### Your objective
Transcribe all the entries word for word, skipping the pictures.

### Records for this task
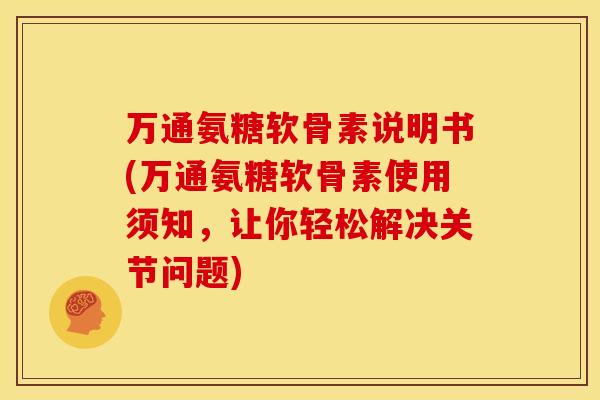 万通氨糖软骨素说明书(万通氨糖软骨素使用须知,让你轻松解决关节问题) 万通氨糖软骨素说明书(万通氨糖软骨素使用须知,让你轻松解决关节问题)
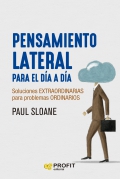 Pensamiento lateral para el da a da. Soluciones extraordinarias para problemas ordinarios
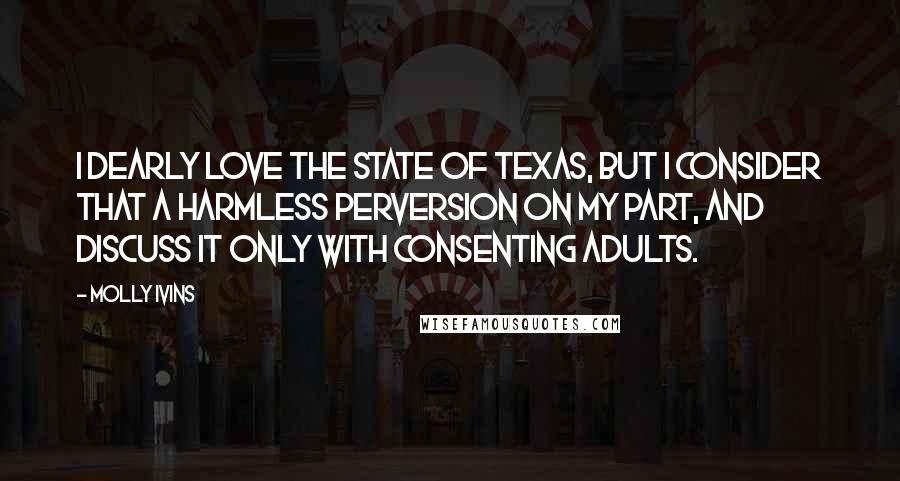 Molly Ivins Quotes: I dearly love the state of Texas, but I consider that a harmless perversion on my part, and discuss it only with consenting adults.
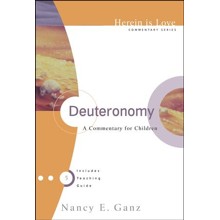 Deuteronomy: A Commentary for Children [Herein is Love]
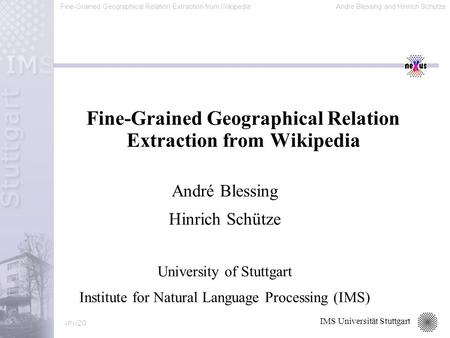 Fine-Grained Geographical Relation Extraction from WikipediaAndre Blessing and Hinrich Schütze 1/20 IMS Universität Stuttgart Fine-Grained Geographical.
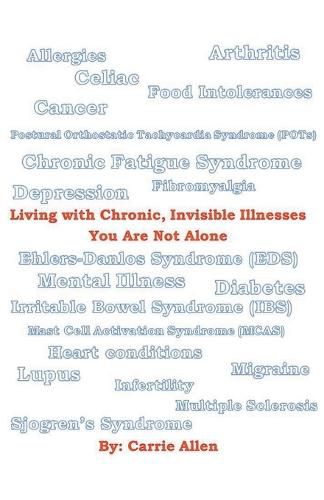 Cover image for Living with Chronic, Invisible Illnesses You Are Not Alone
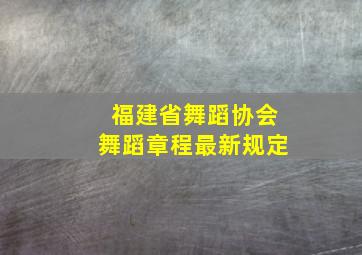 福建省舞蹈协会舞蹈章程最新规定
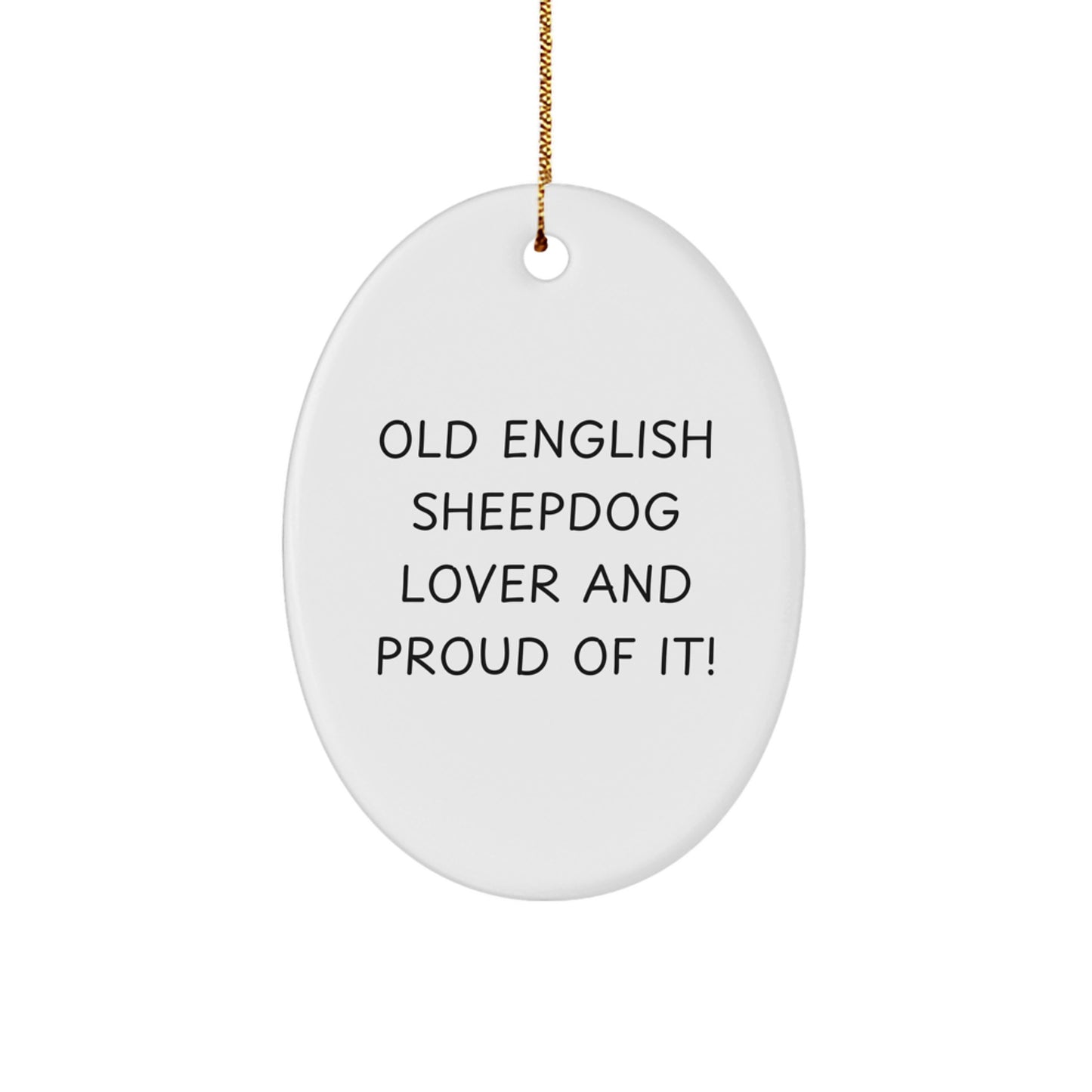 Old English SheepDog Lovers' Christmas Unique Gift, Funny Quote Oval Ornament, Gifts from Family, Perfect for Home Decoration, Oval Ornament, Old English SheepDog Gifts, Christmas Unique Gifts - Image 1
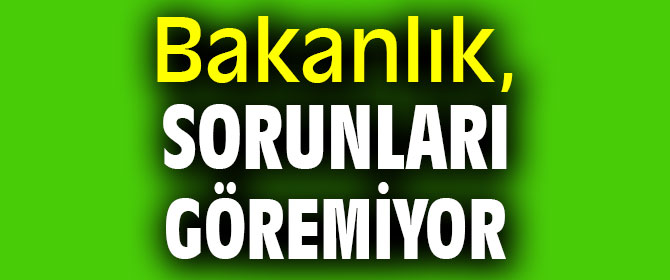 Bakanlık, yaşanacak sorunları göremiyor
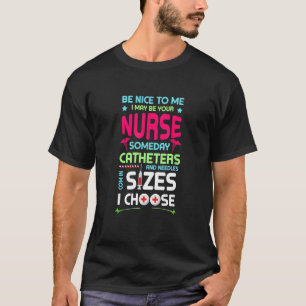Verpleegster ben aardig tegen me... ik kan ooit je t-shirt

### Task response
 万通氨糖软骨素说明书(万通氨糖软骨素使用须知,让你轻松解决关节问题) 万通氨糖软骨素说明书(万通氨糖软骨素使用须知,让你轻松解决关节问题)
 Pensamiento lateral para el da a da. Soluciones extraordinarias para problemas ordinarios
 Molly Ivins Quotes: I dearly love the state of Texas, but I consider that a harmless perversion on my part, and discuss it only with consenting adults.
 Deuteronomy: A Commentary for Children [Herein is Love]
 Fine-Grained Geographical Relation Extraction from WikipediaAndre Blessing and Hinrich Schütze 1/20 IMS Universität Stuttgart Fine-Grained Geographical.
 Cover image for Living with Chronic, Invisible Illnesses You Are Not Alone
 福建省舞蹈协会舞蹈章程最新规定
 Old English SheepDog Lovers' Christmas Unique Gift, Funny Quote Oval Ornament, Gifts from Family, Perfect for Home Decoration, Oval Ornament, Old English SheepDog Gifts, Christmas Unique Gifts - Image 1
 Bakanlık, yaşanacak sorunları göremiyor
Verpleegster ben aardig tegen me... ik kan ooit je t-shirt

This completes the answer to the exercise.